Big-O Notation
How to reason about the cost of code without running it. The single most reused idea from DSA in day-to-day ML engineering.
What Big-O actually is
Big-O describes how the runtime (or memory) of an algorithm grows as the
input size n grows. It’s an upper bound on the growth rate, ignoring
constants and low-order terms. O(2n + 100) is O(n). O(n^2 + n) is
O(n^2).
It does not tell you whether your code is fast. It tells you whether it
will still be fast when n doubles. That’s a different and more important
question when you’re running inference on a million users instead of ten.
The complexities you actually see
| Notation | Name | Real-world example |
|---|---|---|
O(1) | Constant | Dict lookup, array index, HashMap put |
O(log n) | Logarithmic | Binary search, balanced tree insert |
O(n) | Linear | One pass over a list, streaming sum |
O(n log n) | Linearithmic | Comparison sort (sorted, merge sort, quicksort avg) |
O(n^2) | Quadratic | Naive pairwise similarity, bubble sort, nested loops |
O(n^3) | Cubic | Naive matrix multiply on two n×n matrices |
O(2^n) | Exponential | Brute-force subset enumeration, naive recursion |
O(n!) | Factorial | Brute-force permutations, the traveling salesman |
Rule of thumb for a single-machine Python script with n = 10^6:
O(n)— milliseconds, fine.O(n log n)— seconds, fine.O(n^2)— hours, not fine.O(2^n)— will not finish in your lifetime pastn ≈ 30.
Reasoning about nested loops
The default heuristic: count nested loops over the input.
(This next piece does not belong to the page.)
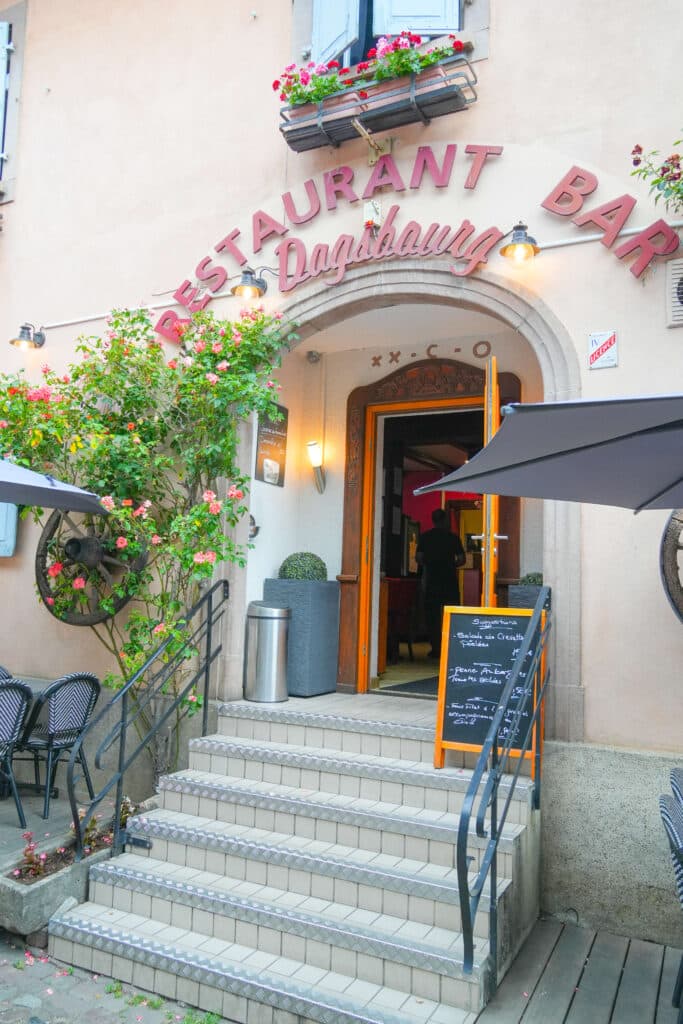Entrance to Restaurant Dagsbourgh with white stairs and pink flower boxes.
One loop
over n is O(n). A loop inside a loop is O(n*m). Be honest about what
m is — if it’s also the full list, it’s O(n^2).
# O(n^2): for every pair of items
for i in items:
for j in items:
if similar(i, j):
...
# O(n): one pass, constant work per item
seen = set()
for i in items:
if i in seen:
...
seen.add(i)
A classic trick: if you see a nested loop, ask whether a hash set or dict could flatten it. Most “find pairs” problems collapse from O(n²) to O(n) that way.
Amortized analysis
Some operations are cheap on average even though a single call can be
expensive. list.append is the canonical example: Python’s list doubles
its backing array when it fills up, so most appends are O(1) but every
2^k-th append is O(n). Averaged across n appends, the total work is O(n),
so each append is amortized O(1).
The same reasoning applies to dict resize, set resize, and many
balanced-tree operations. When you see “amortized O(1)”, it means “O(1) on
average, occasional slow calls, fine for throughput, maybe not fine for
tail latency”.
Python builtins — the cheat table
| Operation | Complexity |
|---|---|
list[i] read | O(1) |
list.append(x) | O(1) amortized |
list.insert(0, x) | O(n) |
x in list (unsorted) | O(n) |
sorted(list) | O(n log n) |
dict[k] get / set / delete | O(1) average |
x in dict / x in set | O(1) average |
set.intersection(other) | O(min(n, m)) |
deque.appendleft / popleft | O(1) |
heapq.heappush / heappop | O(log n) |
str + str (repeated in loop) | O(n^2) — bad! |
"".join(list_of_str) | O(total len) |
The trap: x in list looks innocent but is O(n). Converting to set
once and then testing membership is the single most common “make Python
fast” trick.
Identify-the-complexity drills
# 1
def f1(xs):
total = 0
for x in xs:
total += x
return total
O(n) — one pass.
# 2
def f2(xs):
for x in xs:
for y in xs:
print(x, y)
O(n^2) — nested over the same list.
# 3
def f3(xs):
xs = sorted(xs)
for x in xs:
bisect.bisect_left(xs, x)
O(n log n) — sort dominates; the loop is n * log n.
# 4
def f4(xs):
seen = {}
for x in xs:
seen[x] = seen.get(x, 0) + 1
return seen
O(n) — hash table ops are amortized O(1).
# 5
def f5(n):
if n <= 1:
return n
return f5(n - 1) + f5(n - 2)
O(2^n) — naive Fibonacci, exponential because every call branches twice.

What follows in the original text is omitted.